◆ RECORDS FOR THE TASK:
- - - - -

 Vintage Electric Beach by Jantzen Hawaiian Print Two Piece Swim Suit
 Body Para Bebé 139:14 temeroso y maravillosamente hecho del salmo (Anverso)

- - - - -

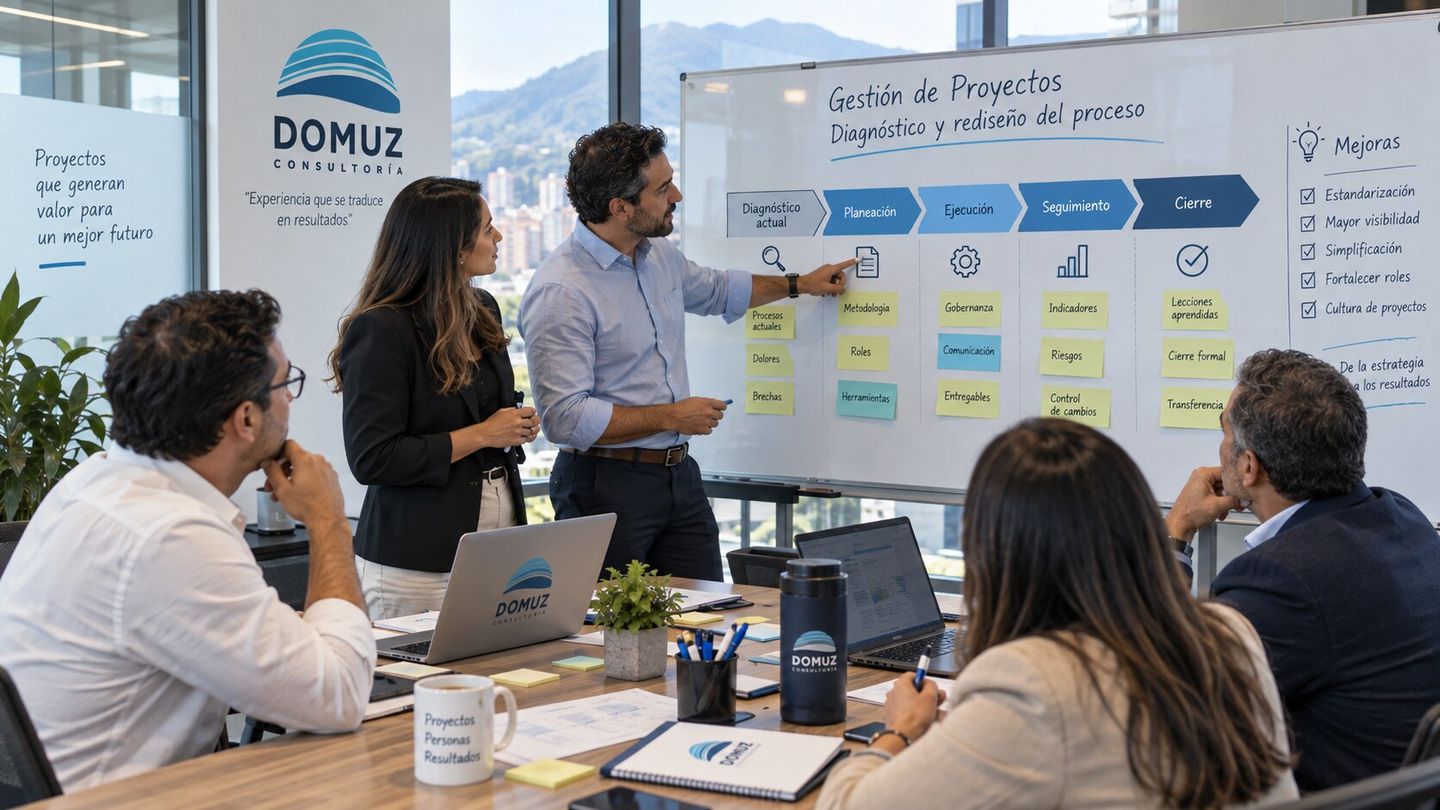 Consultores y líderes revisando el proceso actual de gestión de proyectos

- - - - -

Your task is to transcribe, with no changes, only the lines of the listing above that lie between the line holding "Vintage Electric Beach" and the line holding "Body Para Bebé", inclusive.

◆ SOLVED PROBLEM:
 Vintage Electric Beach by Jantzen Hawaiian Print Two Piece Swim Suit
 Body Para Bebé 139:14 temeroso y maravillosamente hecho del salmo (Anverso)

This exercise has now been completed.